The Case for Investing in Financials
Entire tomes have been devoted to investing in the financial services sector – hardly surprising when you consider its size, and therefore its significance to the world’s capital markets. To say the financial sector is large doesn’t do it justice. Of the total market capitalisation of the S&P 500, the world’s largest stock market index, financials account for just under 10% of the $28.5 trillion valuation.1 Turning our attention to the UK market, the sector’s dominance is more pronounced still, representing over 25% of the entire market capitalisation of the FTSE All-Share Index.2
It is not merely its size, however, that has led the financial services sector to be referred to as the ‘nervous system of capitalism’, it’s the fact that it permeates almost every aspect of corporate and personal daily life, forming a critical component of the world’s economic engine. Make no mistake – a modern economy simply cannot exist without a well-developed financial system given its breadth and depth, the sector comprising a diverse range of industries including banks, investment managers, insurance companies, mortgage lenders and real estate firms amongst others, all of which provide the services required to help keep ‘Main Street’ functioning on a daily basis.

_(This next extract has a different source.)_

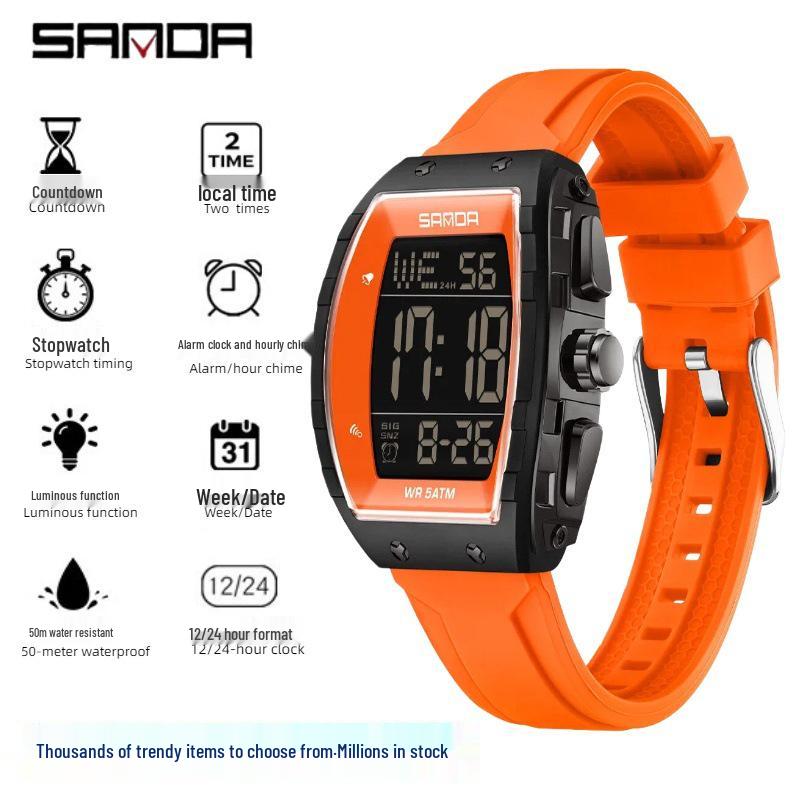 SANDA Men's Multifunctional Barrel-Shaped Sports Watch - Waterproof & Fashionable with Single Display Timing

It includes some of the largest organisations on the planet – from insurer Allianz, to asset manager Berkshire Hathaway to retail and commercial bank Citibank – together with many thousands of smaller players in every region of the globe.
A new-found resilience
Over recent years, the financial sector has not been without its detractors, and understandably so. The blatant self-interest which permeated its ranks at the turn of the century culminated in the financial crisis of 2007–2008, also known as the global financial crisis (GFC). Patently imprudent loan underwriting by banks led to the collapse of the US sub-prime mortgage market and caused the value of sub-prime lending to go into freefall, damaging financial institutions globally and precipitating the bankruptcy of Lehman Brothers on 15th September 2008, an international banking crisis and the most severe global recession since the Great Depression of the 1930s. Europe was not insulated from its effects, with bank bailouts widespread across the region, totalling £500 bn in the UK alone. All three of Iceland’s major banks failed – relative to the size of its economy, it was the largest economic collapse suffered by any country in history.